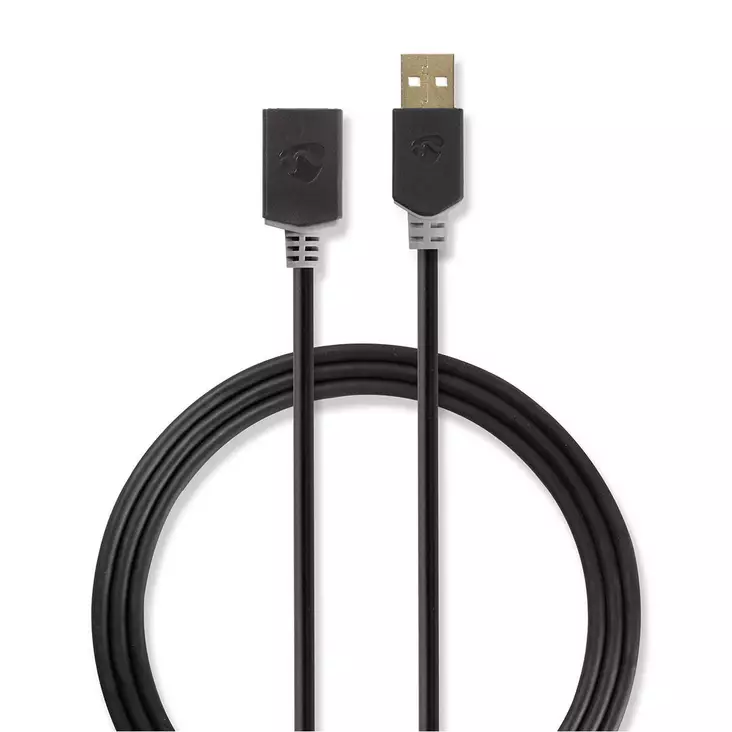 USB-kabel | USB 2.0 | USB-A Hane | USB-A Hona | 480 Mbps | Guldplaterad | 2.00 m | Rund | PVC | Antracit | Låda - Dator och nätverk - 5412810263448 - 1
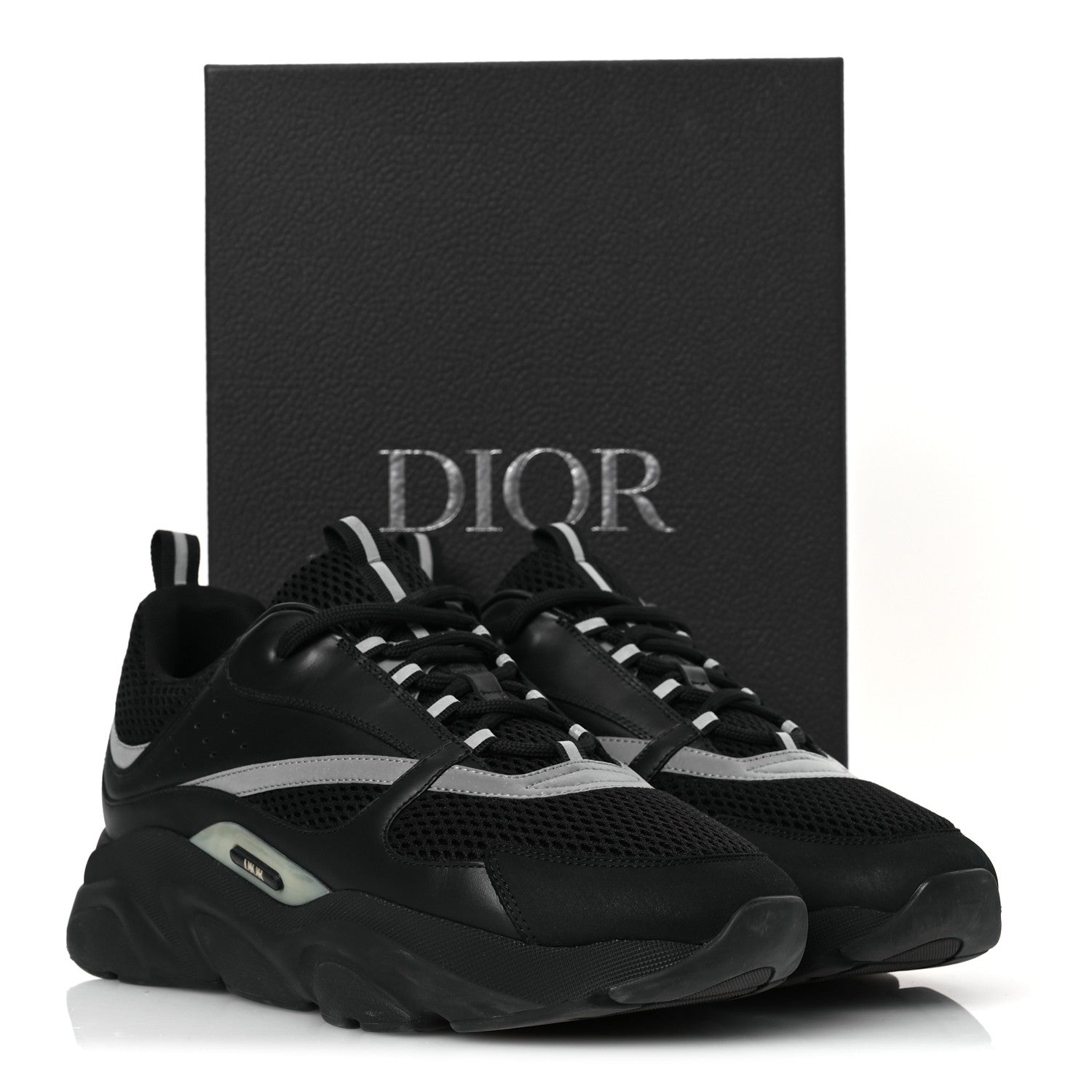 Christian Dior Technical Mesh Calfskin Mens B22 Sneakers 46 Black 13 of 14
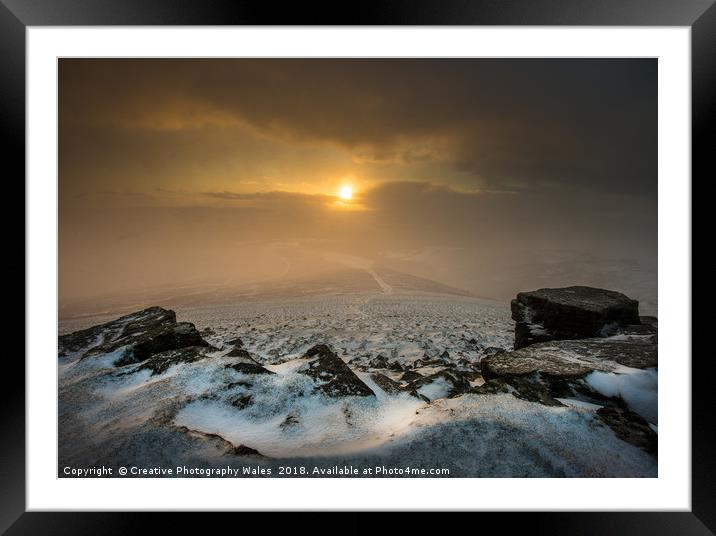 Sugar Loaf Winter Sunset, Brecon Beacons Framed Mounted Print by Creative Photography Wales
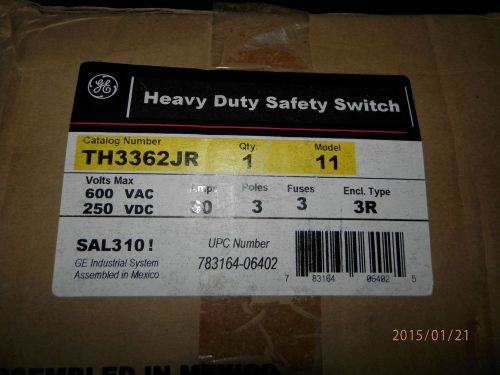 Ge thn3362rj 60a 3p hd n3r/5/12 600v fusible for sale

» **WHAT IS NEEDED**:
Repeat the material above word for word but skip the images.

» **RESPONSE BOX**:
 USB-kabel | USB 2.0 | USB-A Hane | USB-A Hona | 480 Mbps | Guldplaterad | 2.00 m | Rund | PVC | Antracit | Låda - Dator och nätverk - 5412810263448 - 1
 Christian Dior Technical Mesh Calfskin Mens B22 Sneakers 46 Black 13 of 14
 Sugar Loaf Winter Sunset, Brecon Beacons Framed Mounted Print by Creative Photography Wales
 Ge thn3362rj 60a 3p hd n3r/5/12 600v fusible for sale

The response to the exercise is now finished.